## [EXERCISE BRIEF]
Please reproduce the data exactly, excluding any pictures it contains.

## [INFORMATION SUPPLIED]
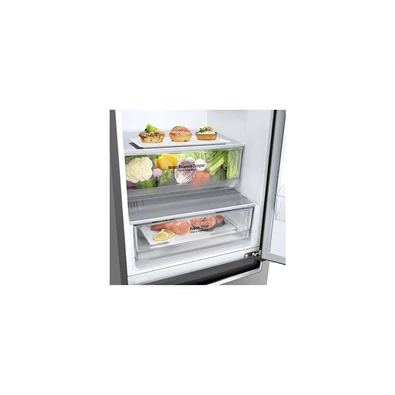 LG GBB62PZJMN inox alulfagyasztós hűtőszekrény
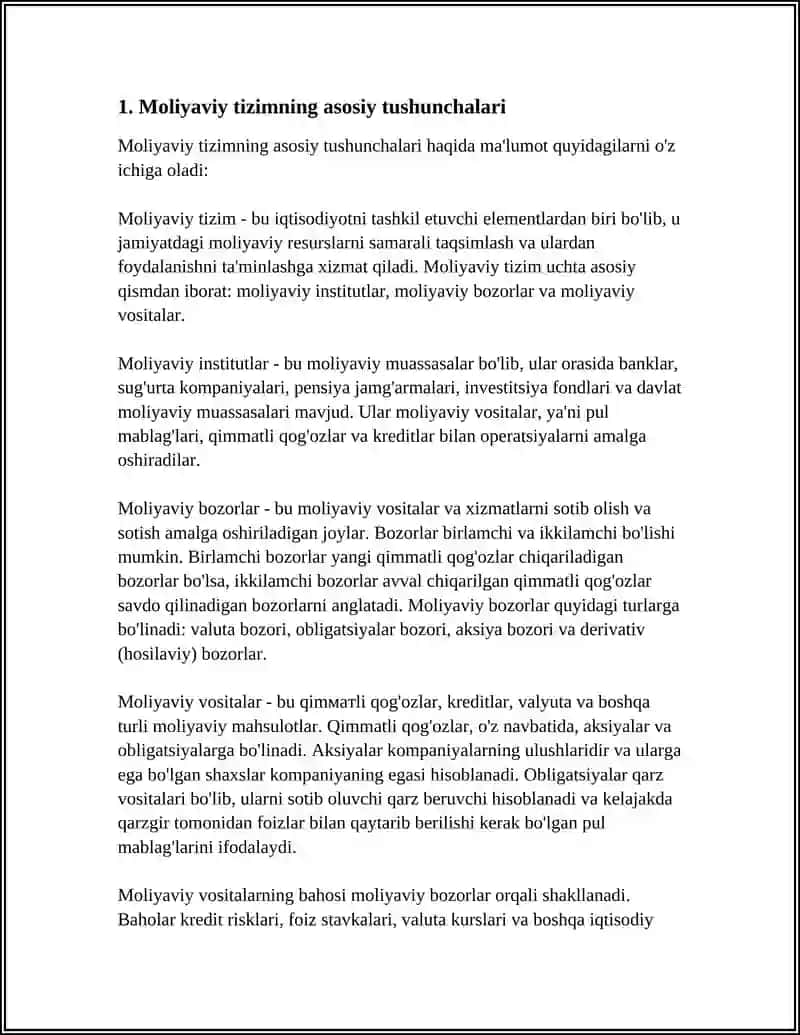 MOLYAVIY TIZIMI 3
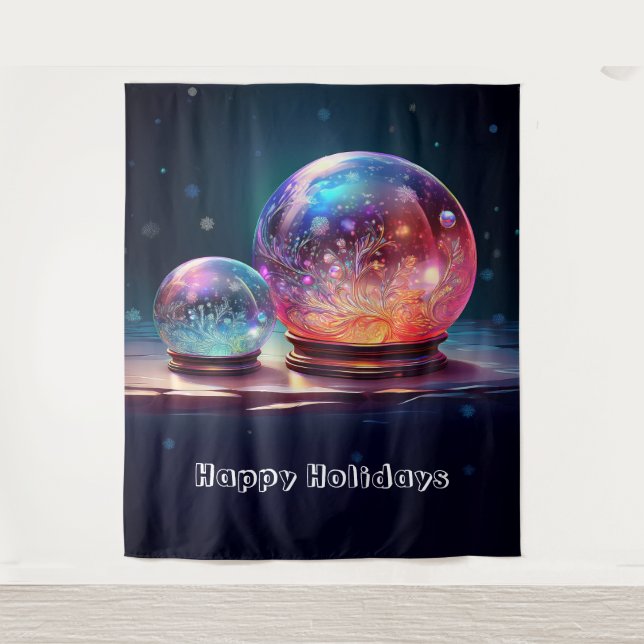 Crystal Snowballs Holiday Backdrop (Front)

## [EXERCISE RESULT]
 LG GBB62PZJMN inox alulfagyasztós hűtőszekrény
 MOLYAVIY TIZIMI 3
 Crystal Snowballs Holiday Backdrop (Front)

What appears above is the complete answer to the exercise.